* DATA IN THIS EXERCISE *

━━━━━━━━

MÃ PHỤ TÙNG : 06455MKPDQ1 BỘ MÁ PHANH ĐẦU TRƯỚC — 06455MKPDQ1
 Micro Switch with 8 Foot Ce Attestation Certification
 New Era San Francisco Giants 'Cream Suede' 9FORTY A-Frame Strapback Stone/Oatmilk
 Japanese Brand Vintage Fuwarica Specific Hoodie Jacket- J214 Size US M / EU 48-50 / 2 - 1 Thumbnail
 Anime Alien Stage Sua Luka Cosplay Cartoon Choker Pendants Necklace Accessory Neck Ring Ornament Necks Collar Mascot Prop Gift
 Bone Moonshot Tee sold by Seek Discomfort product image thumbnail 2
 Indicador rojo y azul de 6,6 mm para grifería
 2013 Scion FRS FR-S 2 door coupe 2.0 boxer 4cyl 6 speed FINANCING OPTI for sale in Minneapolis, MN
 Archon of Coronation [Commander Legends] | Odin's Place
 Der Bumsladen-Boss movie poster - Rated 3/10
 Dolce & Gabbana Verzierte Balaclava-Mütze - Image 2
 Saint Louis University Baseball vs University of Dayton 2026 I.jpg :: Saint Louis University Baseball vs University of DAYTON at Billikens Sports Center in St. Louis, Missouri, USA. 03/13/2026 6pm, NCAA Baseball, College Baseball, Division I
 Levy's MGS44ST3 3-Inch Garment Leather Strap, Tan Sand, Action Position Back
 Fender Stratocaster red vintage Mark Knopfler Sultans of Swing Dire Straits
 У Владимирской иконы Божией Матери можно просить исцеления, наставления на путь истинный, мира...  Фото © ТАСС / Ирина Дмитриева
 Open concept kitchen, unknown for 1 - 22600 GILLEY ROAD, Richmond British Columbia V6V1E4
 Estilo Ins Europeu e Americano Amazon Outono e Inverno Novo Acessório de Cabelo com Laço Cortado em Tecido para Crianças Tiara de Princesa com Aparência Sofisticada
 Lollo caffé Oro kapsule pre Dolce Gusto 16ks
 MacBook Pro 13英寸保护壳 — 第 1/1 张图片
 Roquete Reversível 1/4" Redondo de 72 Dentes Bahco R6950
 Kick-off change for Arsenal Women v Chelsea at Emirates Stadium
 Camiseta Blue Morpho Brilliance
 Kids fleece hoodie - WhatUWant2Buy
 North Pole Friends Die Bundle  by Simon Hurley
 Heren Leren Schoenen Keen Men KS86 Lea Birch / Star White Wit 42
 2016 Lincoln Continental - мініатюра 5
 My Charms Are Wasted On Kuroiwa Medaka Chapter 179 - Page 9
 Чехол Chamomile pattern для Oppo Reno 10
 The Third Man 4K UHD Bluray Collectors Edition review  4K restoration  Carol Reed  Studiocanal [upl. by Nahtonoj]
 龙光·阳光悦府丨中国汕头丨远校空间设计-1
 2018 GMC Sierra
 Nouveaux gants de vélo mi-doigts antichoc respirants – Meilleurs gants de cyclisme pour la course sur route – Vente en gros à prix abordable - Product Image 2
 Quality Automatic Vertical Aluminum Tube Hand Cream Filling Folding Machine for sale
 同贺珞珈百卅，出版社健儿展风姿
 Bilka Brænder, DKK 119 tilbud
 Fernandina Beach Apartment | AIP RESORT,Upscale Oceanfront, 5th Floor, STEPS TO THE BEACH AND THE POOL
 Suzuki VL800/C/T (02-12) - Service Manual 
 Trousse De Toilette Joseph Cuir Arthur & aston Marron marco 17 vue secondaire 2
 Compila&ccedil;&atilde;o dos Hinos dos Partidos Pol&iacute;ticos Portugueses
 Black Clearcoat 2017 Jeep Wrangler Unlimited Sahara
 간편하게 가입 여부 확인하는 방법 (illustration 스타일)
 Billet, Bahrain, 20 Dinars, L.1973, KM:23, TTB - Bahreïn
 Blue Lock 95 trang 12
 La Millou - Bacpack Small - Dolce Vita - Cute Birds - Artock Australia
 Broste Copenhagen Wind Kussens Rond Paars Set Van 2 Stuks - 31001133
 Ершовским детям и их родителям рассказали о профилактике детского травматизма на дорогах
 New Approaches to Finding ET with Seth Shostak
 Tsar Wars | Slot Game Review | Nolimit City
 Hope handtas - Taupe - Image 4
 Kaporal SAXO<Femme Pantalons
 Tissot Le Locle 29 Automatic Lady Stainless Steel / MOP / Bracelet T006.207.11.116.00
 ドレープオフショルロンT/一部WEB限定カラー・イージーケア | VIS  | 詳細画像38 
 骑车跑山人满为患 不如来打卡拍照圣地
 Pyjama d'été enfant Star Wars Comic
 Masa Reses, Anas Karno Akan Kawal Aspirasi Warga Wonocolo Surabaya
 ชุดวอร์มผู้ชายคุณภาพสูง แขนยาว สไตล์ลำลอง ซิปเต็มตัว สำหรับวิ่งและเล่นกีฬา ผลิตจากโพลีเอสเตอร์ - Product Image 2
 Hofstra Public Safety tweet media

━━━━━━━━

For this exercise, copy each line from the listing above that has the word "with".

* REPLY *
 Micro Switch with 8 Foot Ce Attestation Certification
 New Approaches to Finding ET with Seth Shostak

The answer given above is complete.